Bernard Rappaz a été arrêté en novembre dernier. Keystone Archive

Jeudi, la justice statue une nouvelle fois sur la mise en liberté du chanvrier valaisan Bernard Rappaz, en grève de la faim depuis 71 jours. Histoire d'un long bras de fer.

D’un côté, le Zorro du chanvre, prêt à tout pour défendre sa cause. A 49 ans, Bernard Rappaz a consacré une grande partie de sa vie à ce combat. Pour dénoncer ce que lui et ses amis appellent le marché gris du chanvre ou encore l’hypocrisie helvétique.

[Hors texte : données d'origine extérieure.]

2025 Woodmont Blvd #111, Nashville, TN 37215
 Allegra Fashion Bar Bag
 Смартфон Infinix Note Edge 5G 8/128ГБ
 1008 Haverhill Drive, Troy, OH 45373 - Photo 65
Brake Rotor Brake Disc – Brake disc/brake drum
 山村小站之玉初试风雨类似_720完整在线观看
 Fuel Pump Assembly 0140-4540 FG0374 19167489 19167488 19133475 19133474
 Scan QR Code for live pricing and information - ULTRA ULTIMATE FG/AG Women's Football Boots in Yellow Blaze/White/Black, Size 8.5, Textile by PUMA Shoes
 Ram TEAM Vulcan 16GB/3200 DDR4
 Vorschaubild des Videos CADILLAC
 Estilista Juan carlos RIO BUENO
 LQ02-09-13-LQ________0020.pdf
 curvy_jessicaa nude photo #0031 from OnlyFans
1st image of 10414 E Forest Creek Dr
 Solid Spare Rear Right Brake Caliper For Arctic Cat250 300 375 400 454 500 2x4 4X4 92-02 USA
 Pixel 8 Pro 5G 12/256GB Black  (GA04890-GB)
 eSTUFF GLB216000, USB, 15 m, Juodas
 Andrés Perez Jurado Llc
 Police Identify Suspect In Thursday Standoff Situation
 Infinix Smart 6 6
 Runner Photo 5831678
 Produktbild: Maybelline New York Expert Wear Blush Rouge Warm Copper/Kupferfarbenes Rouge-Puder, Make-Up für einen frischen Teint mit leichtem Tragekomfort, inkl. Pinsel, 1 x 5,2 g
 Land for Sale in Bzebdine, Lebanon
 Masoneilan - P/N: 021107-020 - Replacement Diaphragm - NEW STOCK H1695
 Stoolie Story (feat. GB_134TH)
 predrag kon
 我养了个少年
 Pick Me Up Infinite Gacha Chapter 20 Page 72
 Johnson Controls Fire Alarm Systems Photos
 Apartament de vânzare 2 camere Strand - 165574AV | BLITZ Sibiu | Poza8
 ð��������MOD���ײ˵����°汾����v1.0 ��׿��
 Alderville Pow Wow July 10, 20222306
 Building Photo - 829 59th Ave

De l’autre, le juge, qui a déjà refusé trois fois de libérer le Valaisan, pour risque de collusion. Le juge qui est confronté à une décision difficile. Soit il prolonge la détention d’un homme dont la santé est en jeu. Soit il le libère et cède, en quelque sorte, à la pression.

«Têtu comme une mule»

Le premier n’est pas un ange. Considéré comme le plus gros fournisseur de cannabis en Suisse, il a été arrêté en novembre dernier pour avoir, entre autres, stocké 50 tonnes de chanvre. On lui reproche de vendre des stupéfiants parallèlement aux thés, huiles et autres produits autorisés à base de chanvre.

Placé en détention préventive, Bernard Rappaz a entamé une grève de la faim il y a 70 jours. Et il n’entend pas baisser les bras. Cet ancien vigneron est obstiné. «Têtu comme une mule», disent ses proches.

Lors d’une précédente détention en 1996, le Valaisan avait déjà refusé de s’alimenter pendant une quarantaine de jours. Jusqu’à sa libération. Aujourd’hui, il recommence pour dénoncer ce qu’il considère comme une injustice.

«Le combat d’un idéaliste»

Au moment où les autorités se prononcent pour la libéralisation du cannabis, le chanvrier ne comprend pas pourquoi il est maintenu en détention. «Il se bat pour un idéal, commente son avocat Aba Neeman. C’est un combat de principe. Il n’a rien à y gagner.»

L’avocat a rencontré son client mardi. «Il est affaibli. Il se déplace avec une canne et parle très doucement. Mais il a décidé de poursuivre sa grève de la faim, précise Aba Neeman. J’ai peur qu’il en arrive à un tel stade de faiblesse qu’il ne soit plus capable de dire stop.» En 70 jours, Bernard Rappaz serait passé de 90kg à 66kg.

Selon une nutritionniste du CHUV, à Lausanne, on peut survivre 100 à 120 jours sans s’alimenter, sans perfusion, ni boissons énergétiques. Uniquement avec de l’eau.

La vie est réellement en danger lorsque le poids a diminué de moitié. Cela dit, en 1981, Bobby Sands, activiste de l’IRA, était mort après 65 jours de jeûne.

En comparaison, le combat de Bernard Rappaz semble pourtant bien absurde. Même ses amis estiment que la cause du chanvre ne mérite pas de mettre sa vie en danger. Son avocat a, lui aussi, tenté de le convaincre: «Humainement, je ne peux que lui conseiller d’arrêter son jeûne.»

Pour l’instant, on ne sait pas si Bernard Rappaz sera présent ce jeudi lors de l’audience, à Sion. De toute façon, si la justice décide de le libérer, ce sera provisoire.

En effet, le Valaisan doit purger 16 mois de prison ferme. Une peine qui relève d’une autre histoire datant de 1996, l’affaire des coussins au chanvre.